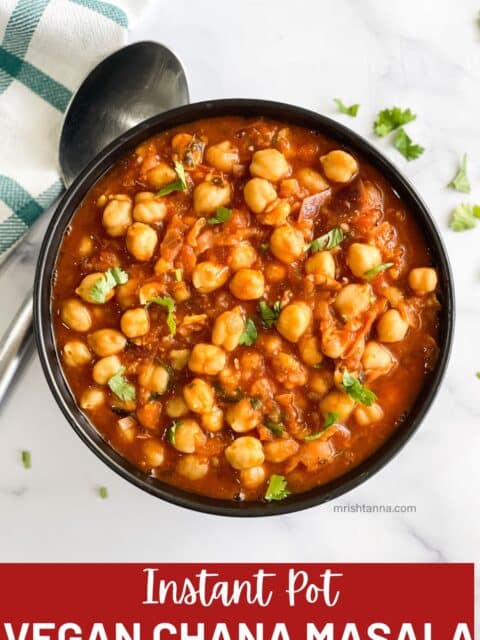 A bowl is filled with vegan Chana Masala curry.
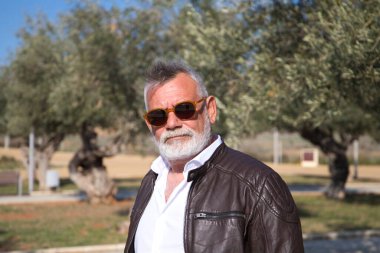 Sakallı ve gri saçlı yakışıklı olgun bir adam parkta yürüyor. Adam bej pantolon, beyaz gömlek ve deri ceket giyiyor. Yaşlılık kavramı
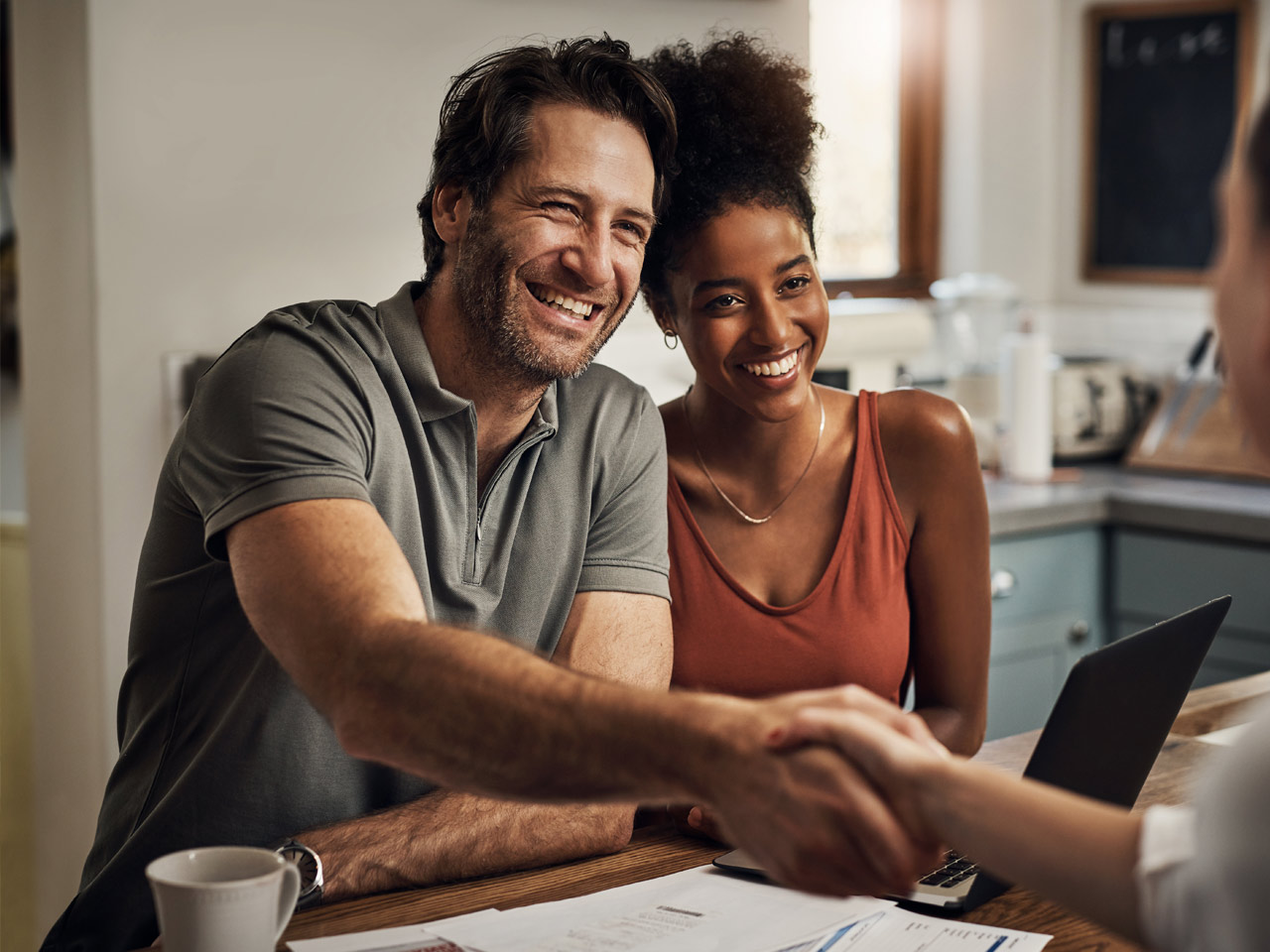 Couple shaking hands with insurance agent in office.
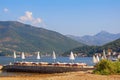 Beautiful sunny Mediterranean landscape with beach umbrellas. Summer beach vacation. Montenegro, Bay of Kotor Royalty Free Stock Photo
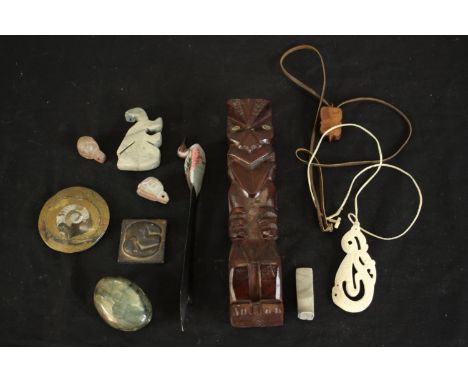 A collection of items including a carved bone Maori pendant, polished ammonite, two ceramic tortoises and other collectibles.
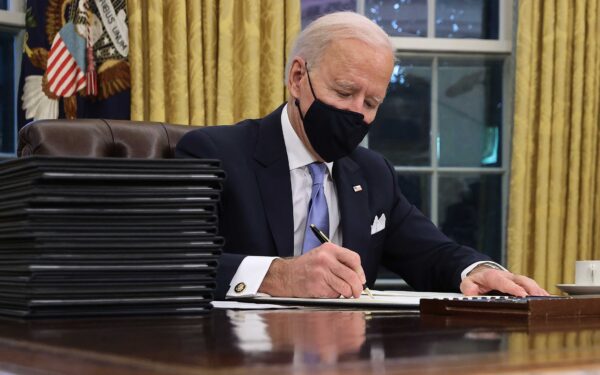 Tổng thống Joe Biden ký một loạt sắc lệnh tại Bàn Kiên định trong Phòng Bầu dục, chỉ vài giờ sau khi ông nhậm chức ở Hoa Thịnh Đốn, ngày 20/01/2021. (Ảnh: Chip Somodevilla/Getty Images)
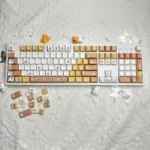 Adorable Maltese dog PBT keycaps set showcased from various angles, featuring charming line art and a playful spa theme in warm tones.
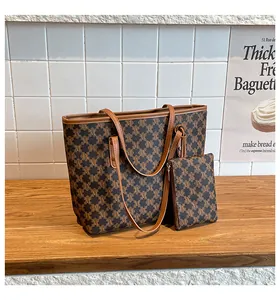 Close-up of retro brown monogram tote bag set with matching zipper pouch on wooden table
·····
● ACTION ITEM
Restate the records in full and word for word, but keep the pictures out.

● EXERCISE RESPONSE
 A bowl is filled with vegan Chana Masala curry.
 Sakallı ve gri saçlı yakışıklı olgun bir adam parkta yürüyor. Adam bej pantolon, beyaz gömlek ve deri ceket giyiyor. Yaşlılık kavramı
 Couple shaking hands with insurance agent in office.
 Beautiful sunny Mediterranean landscape with beach umbrellas. Summer beach vacation. Montenegro, Bay of Kotor Royalty Free Stock Photo
 A collection of items including a carved bone Maori pendant, polished ammonite, two ceramic tortoises and other collectibles.
 Tổng thống Joe Biden ký một loạt sắc lệnh tại Bàn Kiên định trong Phòng Bầu dục, chỉ vài giờ sau khi ông nhậm chức ở Hoa Thịnh Đốn, ngày 20/01/2021. (Ảnh: Chip Somodevilla/Getty Images)
 Adorable Maltese dog PBT keycaps set showcased from various angles, featuring charming line art and a playful spa theme in warm tones.
 Close-up of retro brown monogram tote bag set with matching zipper pouch on wooden table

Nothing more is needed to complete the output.